GoDaddy, the domain registration and management giant, is now migrating their majority of their infrastructure and data warehouse to AWS. GoDaddy group decided to go with AWS due to its deep experience in delivering a highly reliable global infrastructure, as well as an unmatched track record of technology innovation, to support their rapidly expanding business.
GoDaddy is the world's largest web host by market share, with over 62 million registered domains. This global growth has led to extremely large amount of data being generated across various projects and teams. Multiple teams of GoDaddy wanted to streamline their process of cleaning data before loading it into Amazon S3. This called for a generic configuration based framework to reduce the development efforts, which can be used across the different teams of GoDaddy.
Why Amazon Web Services
Running a cleaning process on more than 40 tables with huge amounts of data requires a scalable and cost-effective infrastructure, which is why Virtue Tech recommended GoDaddy to go with AWS as the capacity provided by AWS is a perfect fit. It gives the broadest and deepest portfolio of purpose-built analytics services optimized for unique analytics use cases. These services are all designed to be the best in class, which means we never have to compromise on performance, scale, or cost when using them.
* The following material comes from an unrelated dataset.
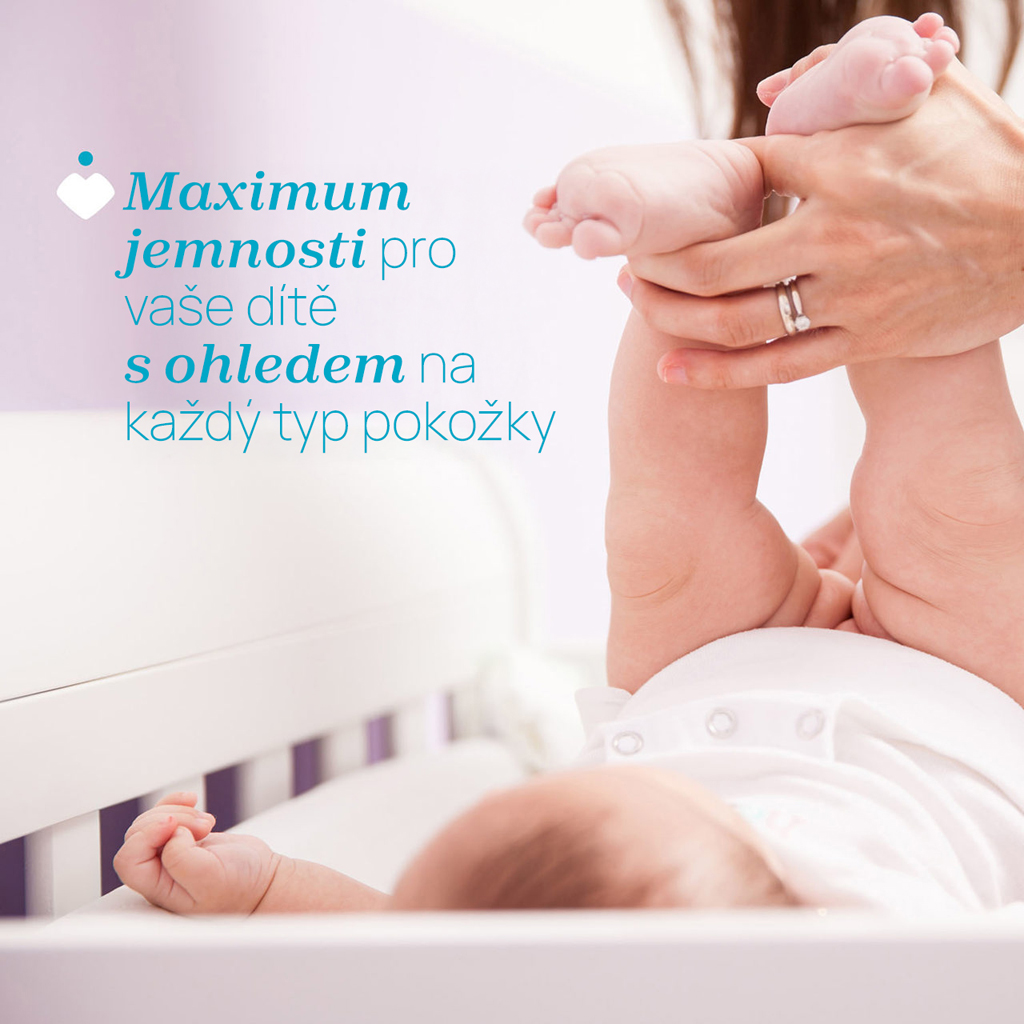 CHICCO Púder detský Baby Moments s kaolínom a kukuričným škrobom 99% prírodných zložiek, 130 g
Spark on Amazon EMR runs 3x faster than standard Apache Spark 3.0 and we can run Petabyte-scale analysis at less than half of the cost of traditional on-premises solutions.
Running Critical Applications on AWS
GoDaddy provisions Amazon Elastic Map Reduce (Amazon EMR) cluster to run generic configuaration based Pyspark framework, which has automated the entire process of loading the clean data to AWS Glue. This framework is developed in such a way that user is given option of handle incremental as well historical data for both partitioned and non-partitioned tables. In addition to that, it supports txt, csv, json and parquet input file formats. It also handles slowly changing dimensions (SCD), depending upon the usecase. Column mapping feature of this framework helps the user to map the raw column name from source to new column names in AWS Glue tables, which enables all the stakeholders from GoDaddy to run their SQL like queries and analyze the same on AWS glue and Amazon Athena. Not only is the process of querying now simpler, but the queries themselves also take much less time to complete, since the queries now runs on Amazon Athena, and thus reports takes no time to generate, which earlier used to take lots of time.
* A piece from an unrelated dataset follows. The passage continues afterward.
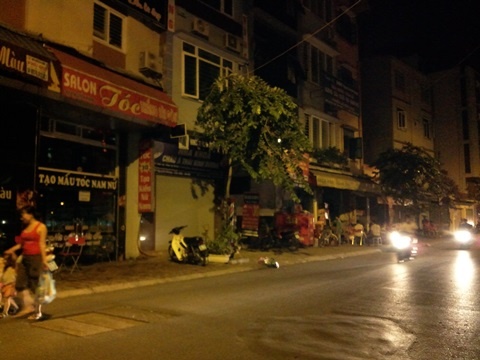 Mất điện diện rộng, dân Hà Nội đổ ra đường tránh nóng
GoDaddy Clean Layer System Configuration Diagram
GoDaddy’s decision to move to a new AWS-based architecture to streamline the process of loading clean data across multiple teams helped the company save on time and money. With an on-premise solution, developing the framework for each team, used to take more than two weeks of time; however, after migrating to AWS and streamlining the process, the process takes hardly a day or two, as only system configuration file needs to be created. Running framework on Amazon EMR not only made the process 3x times faster but also saved on more than 50-80% of total costs.